Farm output set to rise ... set for $1 billion spending plan

Caracas Daily Journal (Jeremy Morgan): Venezuelan Food Industry Chamber President Pablo Barayar forecast that agricultural output would rise by 57 percent during the next decade under a $1 billion investment plan backed by the private and public sectors. Barayar said the projected growth rate would be twice as high as the current rate of expansion in agriculture.
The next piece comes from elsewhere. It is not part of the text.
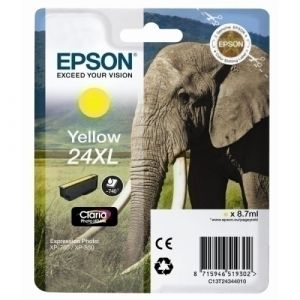 Imagen CART.IJ.EPSON T243440 Nº24XL AMARILLO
He noted that the next 10 years could see food shortages developing on a worldwide level.

That could pose severe problems for Venezuela, which, despite its favorable climate and wide open spaces still imports as much as 60 percent of its food requirement.

Farming has long been regarded as the poor relative in the economic pecking order, a problem that's deemed to have been compounded by President Hugo Chávez' undisguised dislike of large landowners colloquially known as latifundistas.

Details of the farm development plan and how costs would be split between the state and the private sector were not disclosed after a meeting chaired by Planning Minister Haiman El Troudi.

1 comment:

  1. There would be no problem with latifundistas -- if the latifundia were expropriated from these industrial farmer-speculators, and handed over to socialist agricultural organizations for more rational and people-positive collective farming.

    And all socialist states should be producing as much food as possible indeed -- and as a matter of course and as official socialist policy -- because the rest of the planet needs and will need plenty of food from alternate sources in order to both stave off mass hunger, and to short-circuit diabolical imperialist plans to use food as a weapon: their barely-concealed plans to bring the rest of the planet to its knees -- and starve much of its population outright -- as a matter of their nazi-esque policies.